Since more than 50% of the time is spent in GC, one possible reason for the performance difference between Threads and Distributed could be that Distributed allows GC to run in parallel while GC in any thread stops all threads. The memory allocations could also be a limiting factor in the parallelization speedup. This should not be a problem in a bigger model where more time is spent in computation instead of GC.

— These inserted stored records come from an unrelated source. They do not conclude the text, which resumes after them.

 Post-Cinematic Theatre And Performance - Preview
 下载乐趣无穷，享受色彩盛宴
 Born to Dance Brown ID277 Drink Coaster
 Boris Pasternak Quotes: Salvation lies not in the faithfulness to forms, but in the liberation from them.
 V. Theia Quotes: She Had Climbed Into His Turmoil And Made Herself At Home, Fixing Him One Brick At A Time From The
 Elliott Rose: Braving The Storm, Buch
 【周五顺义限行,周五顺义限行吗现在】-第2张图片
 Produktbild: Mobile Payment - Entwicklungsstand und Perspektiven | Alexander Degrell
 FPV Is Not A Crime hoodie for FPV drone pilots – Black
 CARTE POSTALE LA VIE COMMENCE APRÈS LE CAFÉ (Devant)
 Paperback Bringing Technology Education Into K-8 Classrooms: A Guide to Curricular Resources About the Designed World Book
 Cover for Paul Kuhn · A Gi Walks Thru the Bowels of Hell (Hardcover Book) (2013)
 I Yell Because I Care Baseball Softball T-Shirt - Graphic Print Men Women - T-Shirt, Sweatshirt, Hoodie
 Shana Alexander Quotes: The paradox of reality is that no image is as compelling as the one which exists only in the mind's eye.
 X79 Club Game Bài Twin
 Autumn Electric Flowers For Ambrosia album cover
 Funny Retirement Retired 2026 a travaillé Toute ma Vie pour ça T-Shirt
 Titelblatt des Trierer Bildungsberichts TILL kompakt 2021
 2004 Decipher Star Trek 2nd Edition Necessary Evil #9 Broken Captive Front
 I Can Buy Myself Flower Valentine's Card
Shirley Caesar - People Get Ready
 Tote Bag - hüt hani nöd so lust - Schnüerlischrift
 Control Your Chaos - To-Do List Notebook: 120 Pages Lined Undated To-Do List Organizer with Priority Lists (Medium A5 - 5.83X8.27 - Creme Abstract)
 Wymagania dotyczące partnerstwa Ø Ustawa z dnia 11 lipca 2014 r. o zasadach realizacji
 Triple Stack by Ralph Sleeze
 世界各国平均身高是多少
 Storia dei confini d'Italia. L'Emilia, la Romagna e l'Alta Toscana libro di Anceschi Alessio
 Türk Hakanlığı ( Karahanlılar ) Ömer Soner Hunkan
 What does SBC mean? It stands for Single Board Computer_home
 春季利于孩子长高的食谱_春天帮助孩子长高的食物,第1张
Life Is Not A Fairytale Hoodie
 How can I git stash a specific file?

@mikkoku , indeed it seems the GC time is a key thing in here. I repeated the tests above and plotted the fraction of time spent doing garbage collection. This lines up nicely with the speedup plot, GC time is nonexistent below 1000 samples, it plateaus at ~35% between 10^3.5-10^5, and then rises beyond 50% with a million iterations

guess this means one should really opt for distributed runs when doing sampling with lots of iterations. Not sure if there is any way to regulate the frequency of GC to tune its performance hit.